# [DISCUSS] Aquascaping and Photography



## George Farmer (15 May 2011)

Photography is the primary medium that allows us to share aquascaping with the online community, and beyond.

How important is photographing your aquascape to you? 

If it's not important, why not?

If it is important, why?


----------



## bigmatt (15 May 2011)

As in other debates on here i think photography is an essential expression of the aquascaper, like painting a scene on canvas.  However i think it is largely the prohibitive cost that stops most of us - and that possibly creates some resentment for some people.  For example, to properly project my tanks to the online community i am looking at buying a DLSR.  A CHEAP second hand DSLR is £150, and that is without tripod, flash, diffusers, filters ....
and that kind of money is simply unaffordable for a lot of people.  I think there may also be (and i am treading very carefully here) a certain EDIT     point of view       amongst some people that if a tank is not "properly" photographed it is somehow less worthwhile or valid, rather than looking beyond the picture to what ahs been achieved in the tank.  
In summary - the picture is a (very beautiful) projection of the tank and aquascaper/photographer into the online community, but less high quality pictures do not make the TANK any less technically adept, beautiful or successful , and we should appreciate that not everyone has the means or ability to take fantastic pictures with high-end kit.
I think that's what i mean... 
Matt


----------



## ceg4048 (15 May 2011)

Errr...here's a snob's point of view:
If the photographic technique is central to having an ability to reveal the beauty of the tank then it follows that one has to think as seriously about the hobby of photography as one does about the hobby of planted tanks. If you are a lousy photographer with a lousy camera then you are in effect forcing the viewer to imagine the beauty of the tank, so what's the point of that?

The purpose of a photograph is to convey an idea. The idea in this case is the scape. So a lousy photo can either be caused by a lousy idea (bad scaping) or a lousy method of conveyance (bad photography. The best of all worlds therefore is to be good at both.

The second point is that it does NOT follow that having a less than fantastic camera automatically make the photos lousy. A good photographer can take wonderful pictures using cheesy gear in a way that conveys to the viewer the intrinsic beauty of the tank.

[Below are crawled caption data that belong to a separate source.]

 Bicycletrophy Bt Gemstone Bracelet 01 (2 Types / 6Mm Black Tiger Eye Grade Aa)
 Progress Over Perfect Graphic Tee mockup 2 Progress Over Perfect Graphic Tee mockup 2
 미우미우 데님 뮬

The basic problem is that non-photographers always assume, totally incorrectly, that it's the camera that's taking the picture. This is about as accurate as thinking that it's the paint, brush and canvas that are responsible for a painting. In both cases it's the artist who makes the art. The role of the equipment is to get out of the way of the artist's expression. Better equipment simply get's out of the way more easily than lousy equipment can, that's all.

Bad photographers always make this mistake, thinking that they need to get better equipment in order to take better pictures. But that seldom happens because the image occurs first in the photographers head, and the gear allows him/her to express the idea. With nothing more than a mobile phone camera you can take excellent pictures. Add a good image software and you can de-emphasize many flaws and enhance the attributes of the photo. I can take a decent photo without use of a tripod, flash, diffuser or filter - and I often do, because I study photography and therefore have some basic understanding of how to get the best out of my gear or how to compensate for weaknesses in the gear. So in general, there are very few excuses for lousy photography, and when a snob like myself criticizes a photo, it's to help the hobbyist get better and to avoid the typical errors bad photographers make every day.

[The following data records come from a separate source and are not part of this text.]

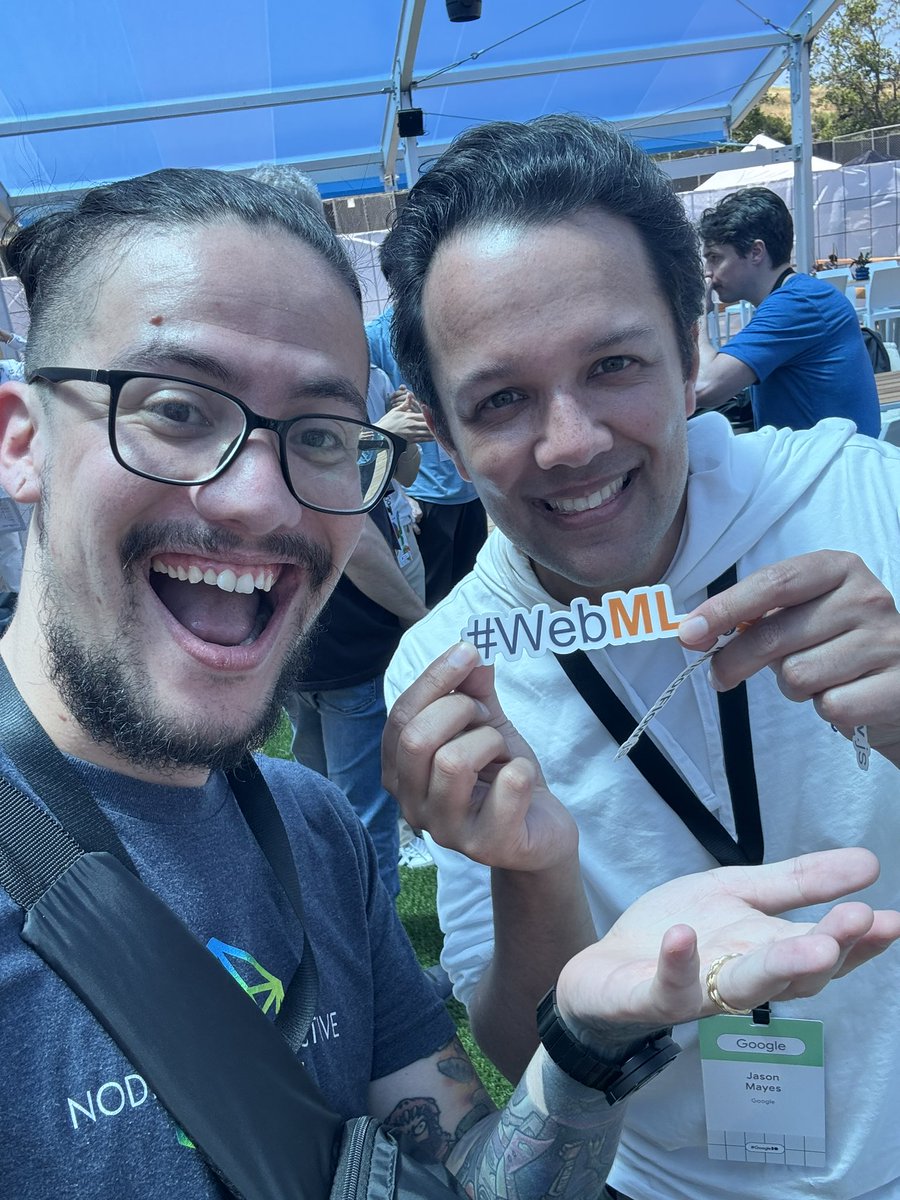 @TensorFlow JS? WebML? Yes! 

@jason_mayes is the lead WebML and I can’t wait to see his Keynote speech tomorrow at the main @google event of the  year! 

#googleio #GoogleIO2024 #tensorflowjs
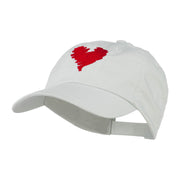 Scribbled Heart Embroidered Cap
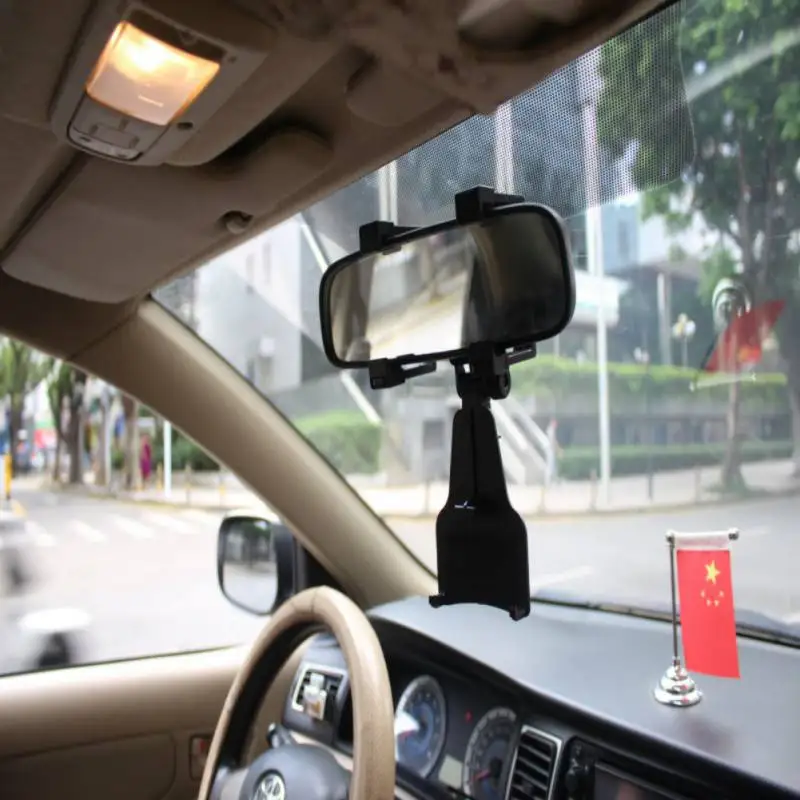  Auto Handy Halter Auto Rückspiegel Montieren Telefon Halter 360 Grad Für iPhone Samsung GPS Smartph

Having said all that, the other side of the coin is that a clever photographer can make a weak aquascape look better than it is in real life.

At the end of the day both aquascaping and photography are forms of art and therefore have absolutely nothing to do with reality. It's important for people to fully grasp that. The two hobbies therefore make a perfect pair. There is therefore every reason to try and become a better photographer if your goal is also to become a better aquascaper.

Cheers,


----------



## viktorlantos (16 May 2011)

i agree with bigmatt about the photo equipment cost, but not about the snoob thing 

unfortunatelly a good equipment is expensive and only just a small percentage of the users can afford it. the studio lights and high-end bodys or lenses are even less.

but about a result..... is't like eating in McDonald's or in a nice restaurant.
both works if you're hungry, but the feeling will be different. with a nice serving you're feeding multiple senses.

photography is very important especially if you would like to create something special in aquascaping.

at the end going up with better and better equipment will capture better the real life expression which is the hardest to capture anyway. so i do not see a great equipment as a good pimping stuff, but a tool which gives back the real impression the best with the maximum detail.

if you spend a little time learning about photography you will focus more on smaller details too which makes your aquascapes stronger.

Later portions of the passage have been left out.